__EXERCISE REQUIREMENTS__: Tally every line in the data that has the word "rsquo" and report only the total.

__DATASET RECORDS__:

* * * * *

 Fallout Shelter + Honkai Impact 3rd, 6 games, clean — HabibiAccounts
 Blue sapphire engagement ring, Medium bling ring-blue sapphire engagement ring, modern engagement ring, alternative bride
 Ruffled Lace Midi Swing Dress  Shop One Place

* * * * *

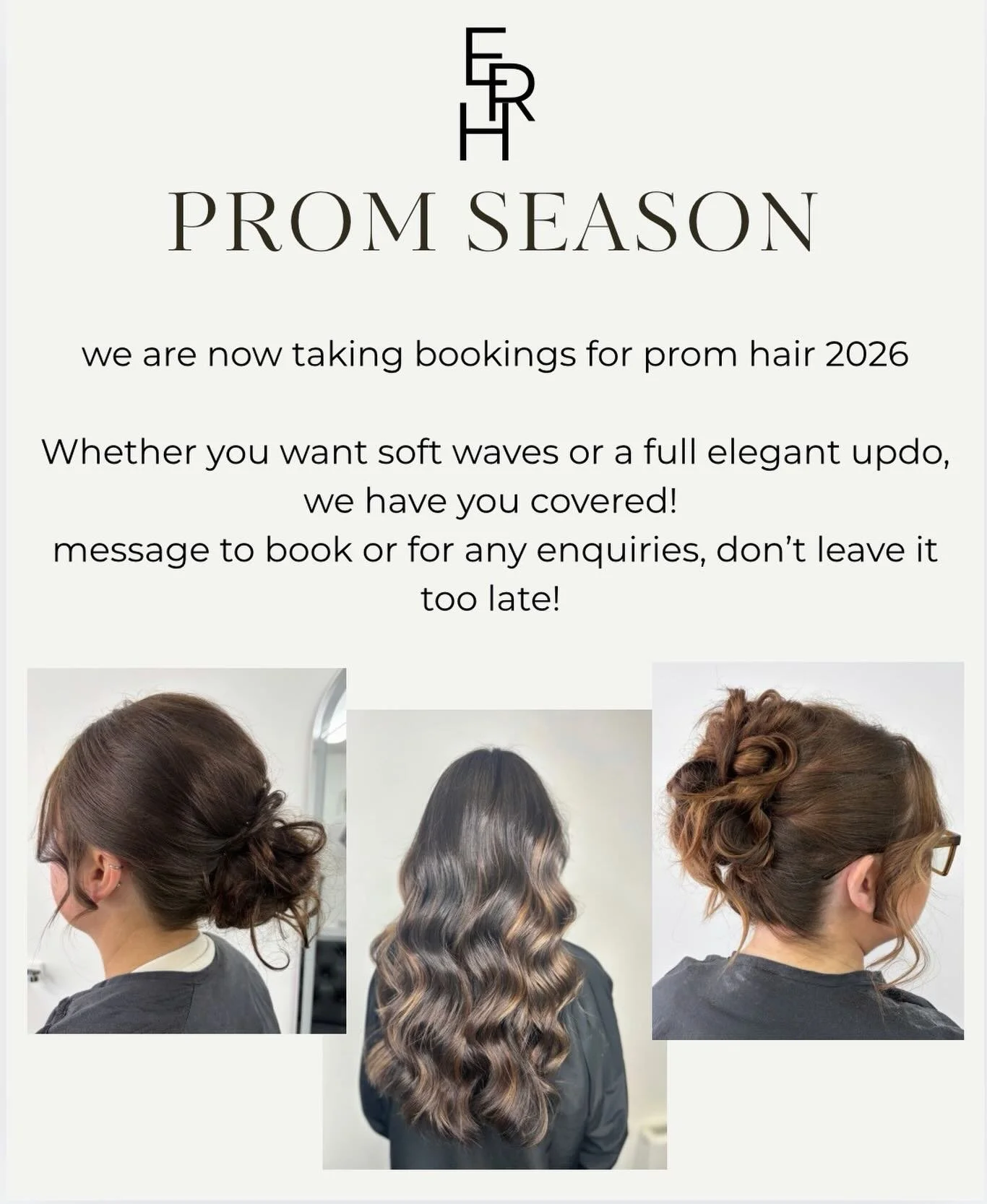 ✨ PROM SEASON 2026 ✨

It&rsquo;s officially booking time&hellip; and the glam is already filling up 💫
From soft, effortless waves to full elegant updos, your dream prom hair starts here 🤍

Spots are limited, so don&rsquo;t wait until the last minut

* * * * *

__EXPECTED ANSWER__: 2